I wonder why this is? Is it because I was unhappy as a child? Bullied incessantly at school and disliked at home? Have I become conditioned to feel this way? Certain that any feeling of happiness or pleasure is a sign of a great wind bearing down on my house of cards. Is it because there is some fundamental glitch in my programming?

I don’t know the answers to these questions, only that as I get older (Hello, 30! See you soon!) they become more pressing, more relevant. I wonder if it is perhaps a part of growing up, and that perhaps I will grow out of it, as indeed I grew out of my “I know everything, nobody can tell me what to do, it’s MY life so fuck off” teenage years.

On the bad days, the ones where for whatever reason I have found myself lying in bed at 11am, sobbing uncontrollably, the black hole in my chest absorbing light and life and threatening to consume every ounce of me, I find myself wanting nothing more then to go home.

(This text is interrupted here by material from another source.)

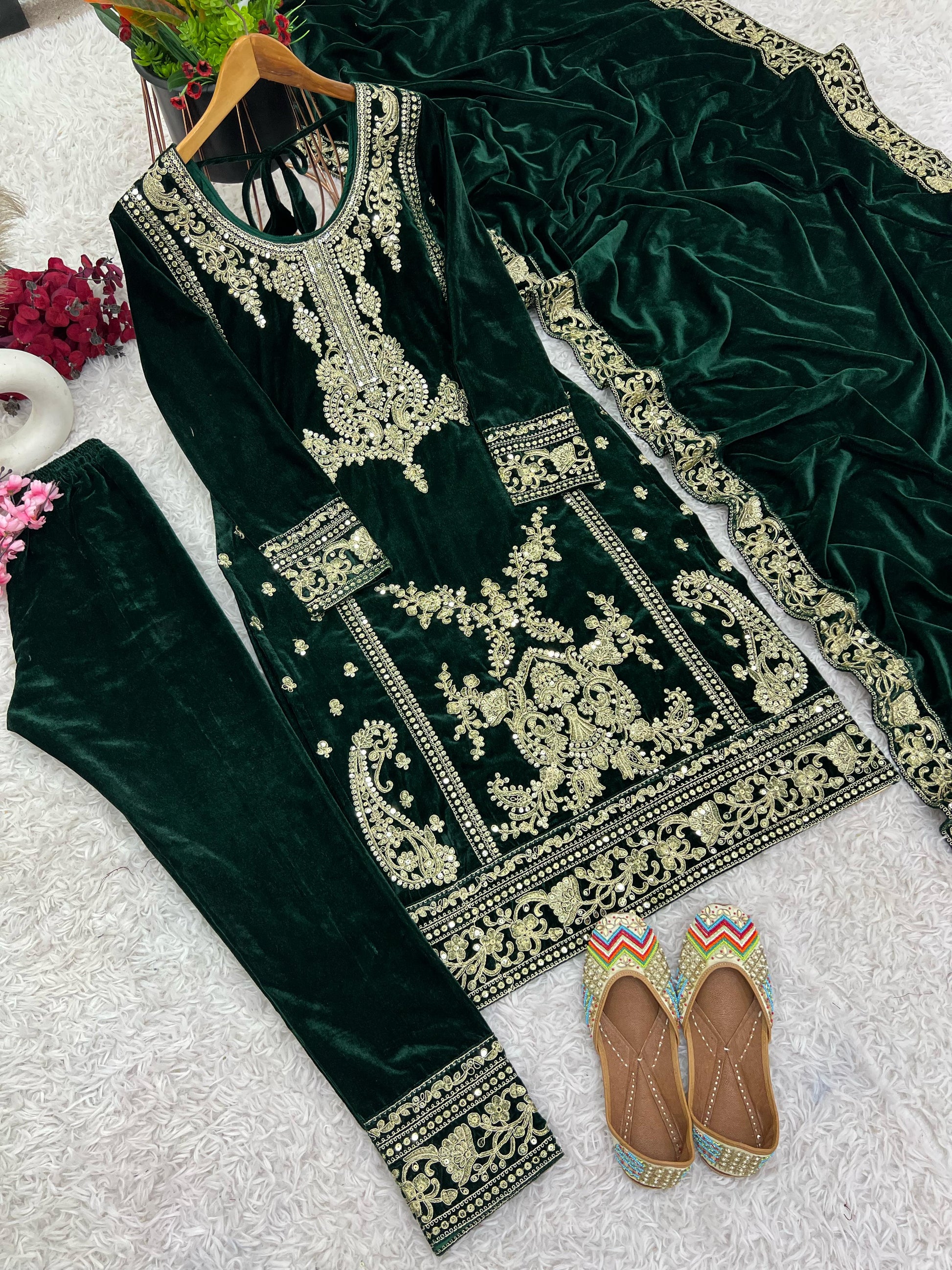 Black color viscose velvet salwar kameez with dupatta online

“I want to go home.” I sob in to my husband’s chest hair, helpless and small and wishing I could melt into him, not understanding why I’m saying it, why my heart is feeling it. There is nothing left for me there. I think if I were to die suddenly I would not want to be returned there, to travel 6000 miles in a box and be buried so far from the people that love me the most, so why do I long to be back there in my darkest days? Perhaps what is calling to me is the desert which I love so much, the free and open spaces where I could never feel trapped or confined, where I could climb a mountain and watch the sunrise over the peaks and cactus. Even standing on the shores of Great Britain, gazing into the Atlantic Ocean, where there is nothing but sea and sky before me, I feel trapped. An island full of unfamiliar people behind me, a vast inhospitable sea before me.

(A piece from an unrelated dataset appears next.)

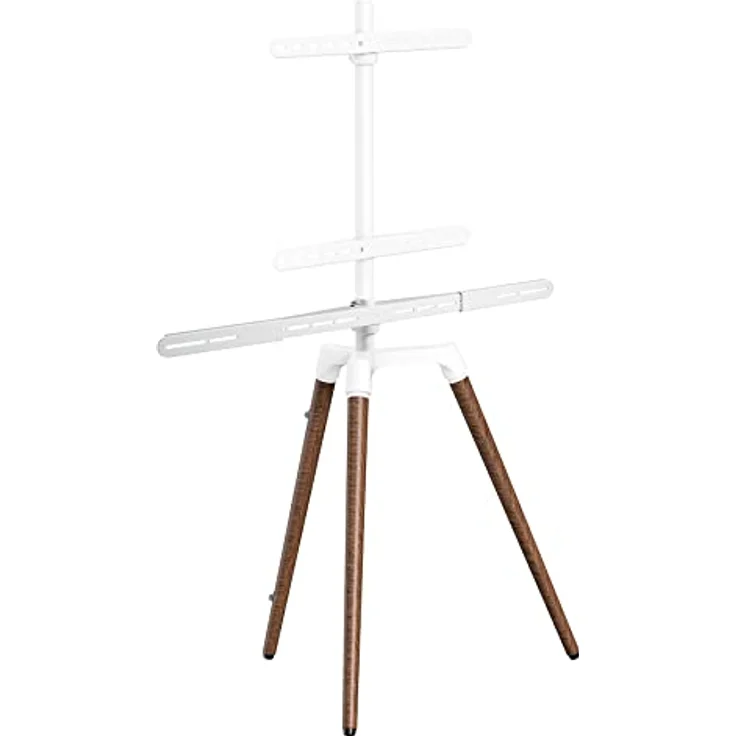 SCHWAIGER 658217 TV Ständer Staffelei Holz Bodenstativ Halterung für Flachbildschirme bis 65 Zoll max. 35kg mit Soundbarhalter weiß/Nussbaum echtes Holz Luxus Premium – Bild 1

I wonder if I will ever leave this country again, if I will ever leave behind the feeling of being imprisoned and lost within myself.

Britain the Beautiful

I am fairly certain that had I enough money, enough to be comfortable, to have a large house in the country far away from civilisation, I would be quite happy living here in England. That is because England has a truly spectacular beauty, that strikes me dumb every time.

It is the little things I appreciate the most, like this field of Sunflowers just off the road on the way back from the dentist this morning. I have never in my life seen a field of Sunflowers and I instructed my husband to turn around and go back at once.

The field is department of Defence (No! Bad immigrant! They call it the Ministry of Defence here. At least I got the spelling right!) property, so a stroll through the flowers was not an option, but it’s a beautiful day, and the flowers are beautiful, and the heather is beautiful and the poppies and the thistles are beautiful, and the horses and cows in the field down the lane are amazing, and the trees and sky and grass and the occasional large house tucked away behind some trees or in a field is beautiful. And for a moment, as I stand there surveying this strange land I have come to call home, before we drive back down the hill into our own depressing lives, a fleeting thought flickers across my mind that I could be happy here.

Sunflowers and thistles

purty view

Idsworth

About seven years ago a friend of mine that I knew online introduced me through MSN messenger to a friend of his that he knew online. I knew my friend through a photography website/forum and he knew his friend through a forum for people with an unhealthy interest in airplanes. (Occasionally known as “anoraks” in this part of the world.) We hit it off and started chatting and emailing. Five months later, we were married and four months after that, my two kids and I got on a plane bound for England with a one-way ticket.

It has not been rainbows and butterflies, in fact it has been a rough road and last year we separated and remained that way for over a year. My husband moved back in a few months ago and a few weeks ago I slipped my wedding ring back on and didn’t take it off. Now we are in a difficult period of readjustment. I could fill a large room with all the reasons why we separated and all the reasons why we got back together, they are many and varied and sometimes even conflicting. What I wanted to share was an image.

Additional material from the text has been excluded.